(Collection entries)
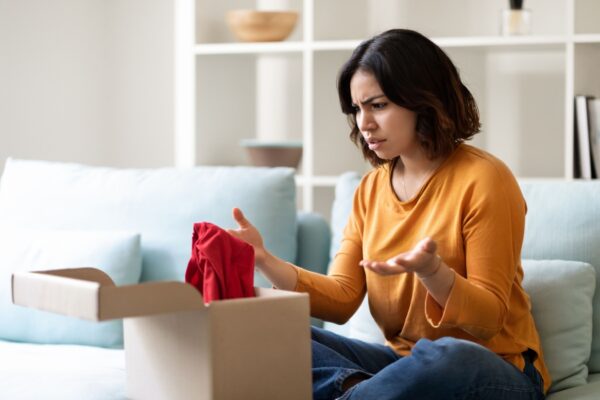 Wrong Parcel. Confused arab woman looking at open cardboard box at home and frowning, shocked middle eastern female disappointed about shipping mistake, feeling angry because of bad delivery service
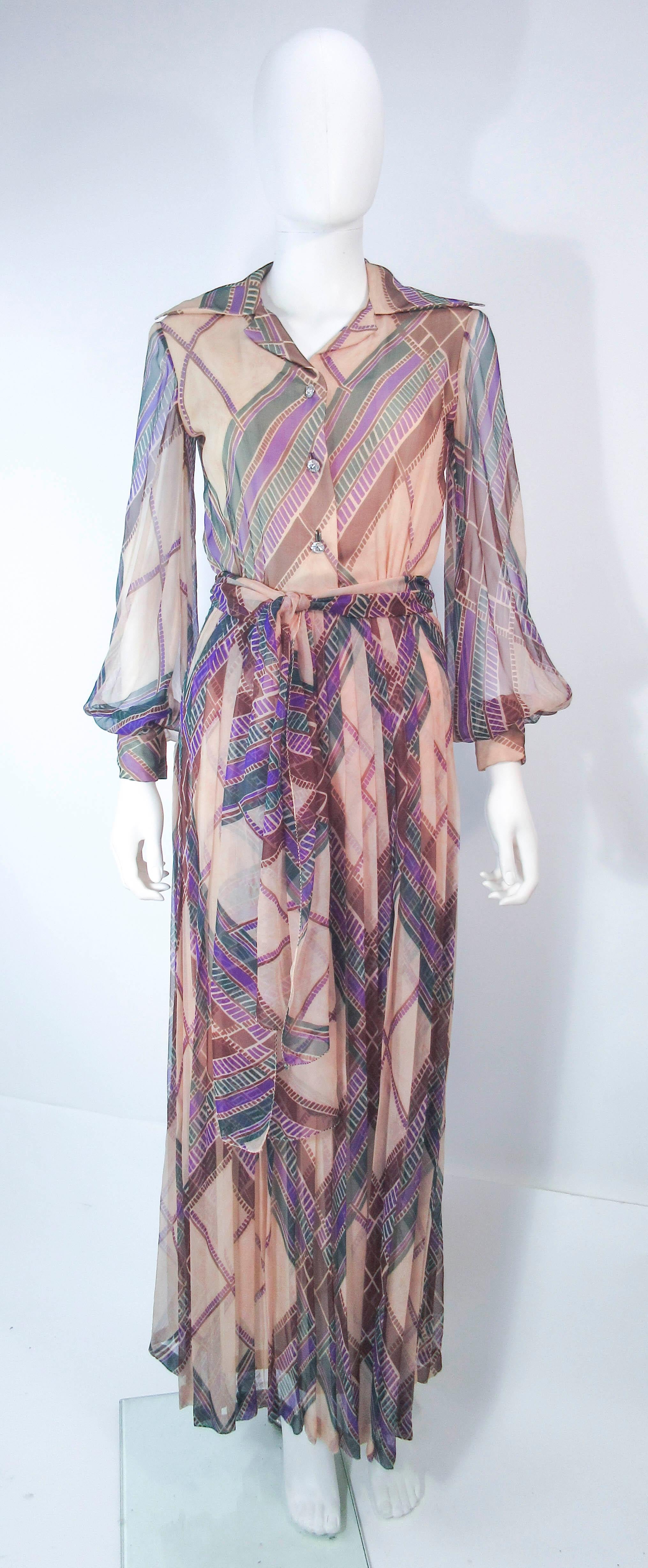 This Valentino design is composed of a beautiful abstract printed silk chiffon. Features a wonderful maxi style with center front rhinestone buttons and belt.  In excellent vintage condition, some wear (see photos). 

**Please cross-reference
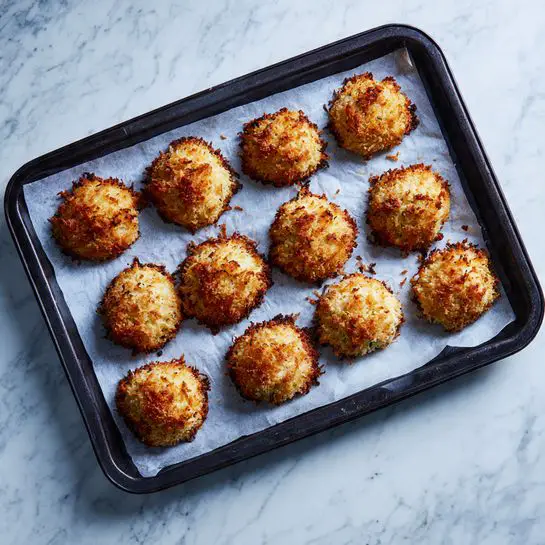 The image shows a dark baking tray with 11 pieces of baked food placed evenly on it. Each piece is coated with a golden-brown crust that looks crispy and crumbly on top. The tray is lined with white paper, and it rests on a white marbled surface. There is no other item or decoration in the picture. The overall look is clean and simple. photo taken with an iphone --ar 4:5 --v 7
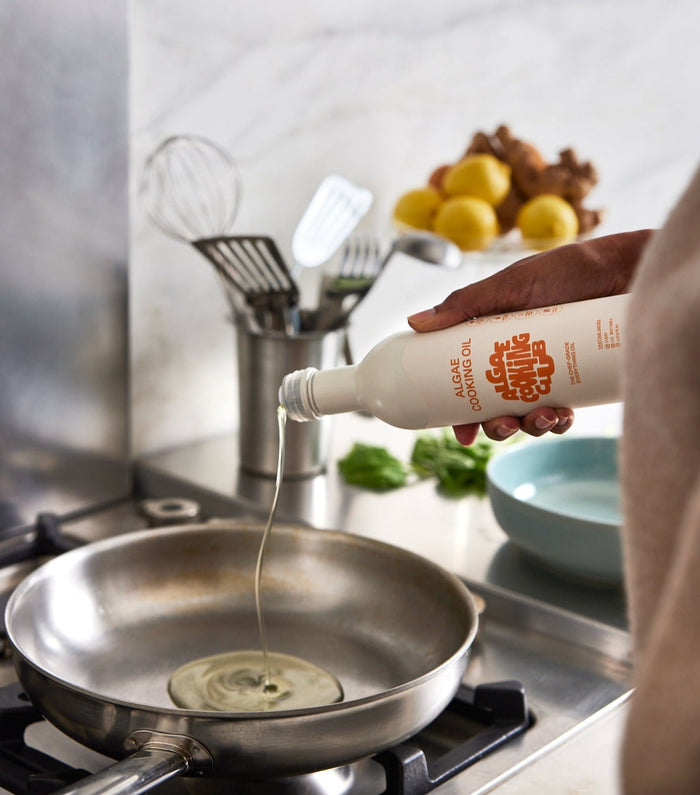 Person pouring cooking oil from a bottle into a frying pan on a stove.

**ABOUT THIS TASK**
In your copy, repeat the records above exactly and include no images.

**ANSWER**
 Wrong Parcel. Confused arab woman looking at open cardboard box at home and frowning, shocked middle eastern female disappointed about shipping mistake, feeling angry because of bad delivery service
 This Valentino design is composed of a beautiful abstract printed silk chiffon. Features a wonderful maxi style with center front rhinestone buttons and belt.  In excellent vintage condition, some wear (see photos). 

**Please cross-reference
 The image shows a dark baking tray with 11 pieces of baked food placed evenly on it. Each piece is coated with a golden-brown crust that looks crispy and crumbly on top. The tray is lined with white paper, and it rests on a white marbled surface. There is no other item or decoration in the picture. The overall look is clean and simple. photo taken with an iphone --ar 4:5 --v 7
 Person pouring cooking oil from a bottle into a frying pan on a stove.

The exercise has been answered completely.